DESCRIPTION OF THE TASK
Within the listing below, give again exactly the lines between the one containing "2026世界杯买球App推荐与实战技巧分享" and the one containing "What jumps when", inclusive, pictures left aside.

Segment Start: DATA SECTION

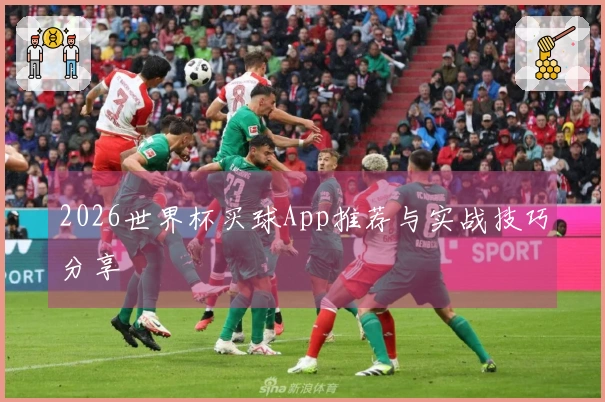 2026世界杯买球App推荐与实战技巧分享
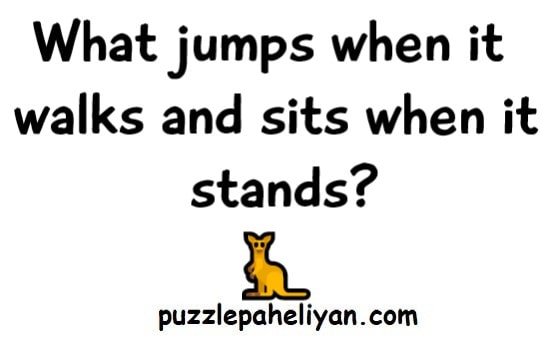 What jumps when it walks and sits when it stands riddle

Segment End: DATA SECTION
Segment Start: DATA SECTION

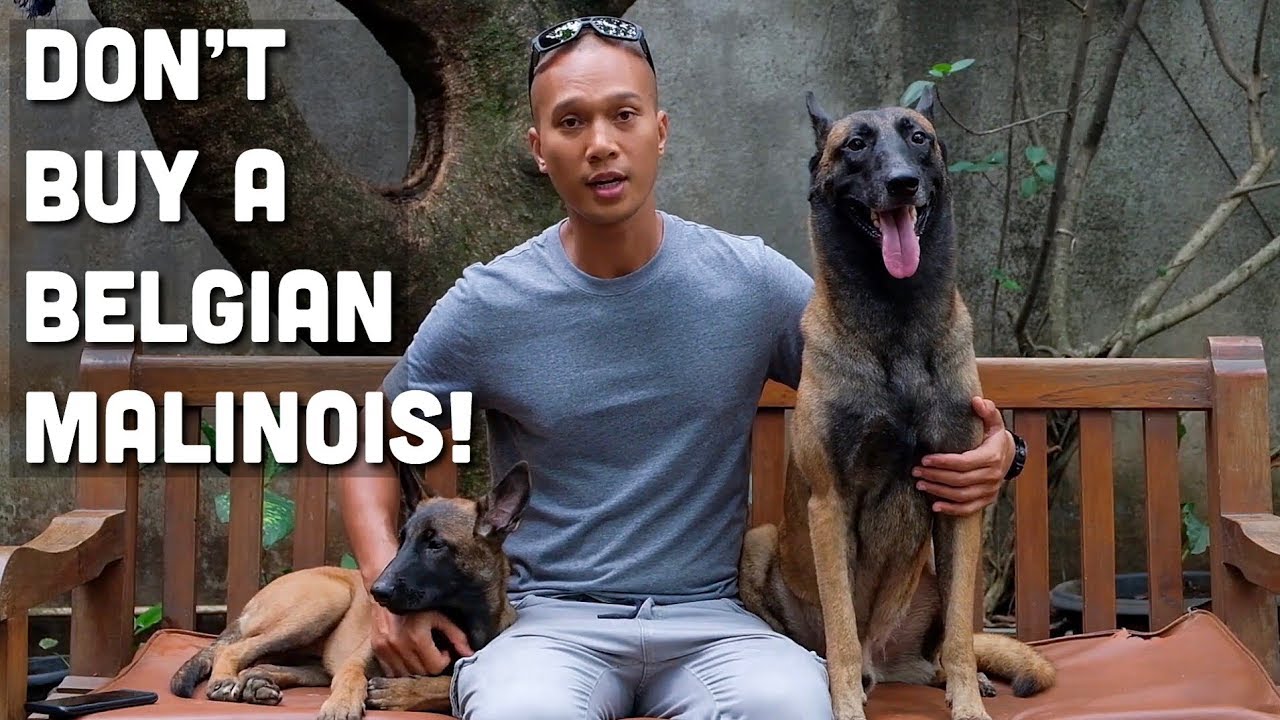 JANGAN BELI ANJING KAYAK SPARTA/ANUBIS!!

Segment End: DATA SECTION

TASK OUTPUT
 2026世界杯买球App推荐与实战技巧分享
 What jumps when it walks and sits when it stands riddle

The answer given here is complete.